# [What is expected]
Return all lines from the entries below in which the word "Silver" is present.

# [Provided data]

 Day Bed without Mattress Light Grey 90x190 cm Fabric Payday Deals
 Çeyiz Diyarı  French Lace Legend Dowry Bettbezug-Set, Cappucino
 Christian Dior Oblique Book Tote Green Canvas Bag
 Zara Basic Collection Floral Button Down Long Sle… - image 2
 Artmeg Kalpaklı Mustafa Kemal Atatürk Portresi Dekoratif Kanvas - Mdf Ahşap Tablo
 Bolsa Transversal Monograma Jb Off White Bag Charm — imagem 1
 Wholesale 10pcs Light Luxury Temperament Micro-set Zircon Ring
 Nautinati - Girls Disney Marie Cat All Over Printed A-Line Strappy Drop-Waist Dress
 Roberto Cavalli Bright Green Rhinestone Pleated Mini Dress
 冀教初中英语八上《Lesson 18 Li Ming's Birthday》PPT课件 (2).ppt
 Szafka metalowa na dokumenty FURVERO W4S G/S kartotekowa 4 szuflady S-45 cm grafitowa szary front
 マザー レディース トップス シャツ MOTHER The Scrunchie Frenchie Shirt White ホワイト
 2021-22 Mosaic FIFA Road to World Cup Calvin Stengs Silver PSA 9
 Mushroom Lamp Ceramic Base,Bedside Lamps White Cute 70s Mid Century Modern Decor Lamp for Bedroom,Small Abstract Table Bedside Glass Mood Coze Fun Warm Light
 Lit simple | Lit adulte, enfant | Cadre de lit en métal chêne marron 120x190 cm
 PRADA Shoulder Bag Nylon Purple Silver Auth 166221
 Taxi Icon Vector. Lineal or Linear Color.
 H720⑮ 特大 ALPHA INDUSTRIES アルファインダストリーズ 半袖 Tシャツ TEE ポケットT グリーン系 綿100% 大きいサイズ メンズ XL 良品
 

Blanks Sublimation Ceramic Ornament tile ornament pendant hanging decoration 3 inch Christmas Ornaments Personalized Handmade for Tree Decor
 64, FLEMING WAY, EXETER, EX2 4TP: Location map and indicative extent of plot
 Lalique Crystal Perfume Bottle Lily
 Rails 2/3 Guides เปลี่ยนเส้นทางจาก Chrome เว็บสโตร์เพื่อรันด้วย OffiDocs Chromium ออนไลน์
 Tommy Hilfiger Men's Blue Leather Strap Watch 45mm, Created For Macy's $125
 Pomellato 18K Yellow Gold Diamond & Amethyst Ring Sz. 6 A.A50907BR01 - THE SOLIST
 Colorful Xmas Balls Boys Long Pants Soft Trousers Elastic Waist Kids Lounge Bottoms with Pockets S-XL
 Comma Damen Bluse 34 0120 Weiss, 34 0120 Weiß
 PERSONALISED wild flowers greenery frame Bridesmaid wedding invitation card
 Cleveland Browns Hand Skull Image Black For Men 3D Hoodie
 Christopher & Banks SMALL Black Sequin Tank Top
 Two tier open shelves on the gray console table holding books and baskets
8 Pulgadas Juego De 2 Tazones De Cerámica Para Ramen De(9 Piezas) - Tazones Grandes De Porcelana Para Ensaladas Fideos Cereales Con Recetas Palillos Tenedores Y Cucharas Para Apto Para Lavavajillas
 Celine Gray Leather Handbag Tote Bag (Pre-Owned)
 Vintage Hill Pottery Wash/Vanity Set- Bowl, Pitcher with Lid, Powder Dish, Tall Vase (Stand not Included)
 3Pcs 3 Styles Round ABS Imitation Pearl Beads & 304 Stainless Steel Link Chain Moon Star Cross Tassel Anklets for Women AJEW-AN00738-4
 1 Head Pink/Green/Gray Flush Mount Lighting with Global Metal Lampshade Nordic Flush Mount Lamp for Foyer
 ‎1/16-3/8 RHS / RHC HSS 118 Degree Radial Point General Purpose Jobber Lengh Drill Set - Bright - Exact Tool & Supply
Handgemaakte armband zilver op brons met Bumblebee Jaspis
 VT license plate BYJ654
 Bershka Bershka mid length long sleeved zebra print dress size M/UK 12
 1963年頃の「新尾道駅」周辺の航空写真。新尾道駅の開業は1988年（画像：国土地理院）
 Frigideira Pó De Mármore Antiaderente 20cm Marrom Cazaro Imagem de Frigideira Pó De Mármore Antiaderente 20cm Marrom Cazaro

# [Response to this exercise]
 2021-22 Mosaic FIFA Road to World Cup Calvin Stengs Silver PSA 9
 PRADA Shoulder Bag Nylon Purple Silver Auth 166221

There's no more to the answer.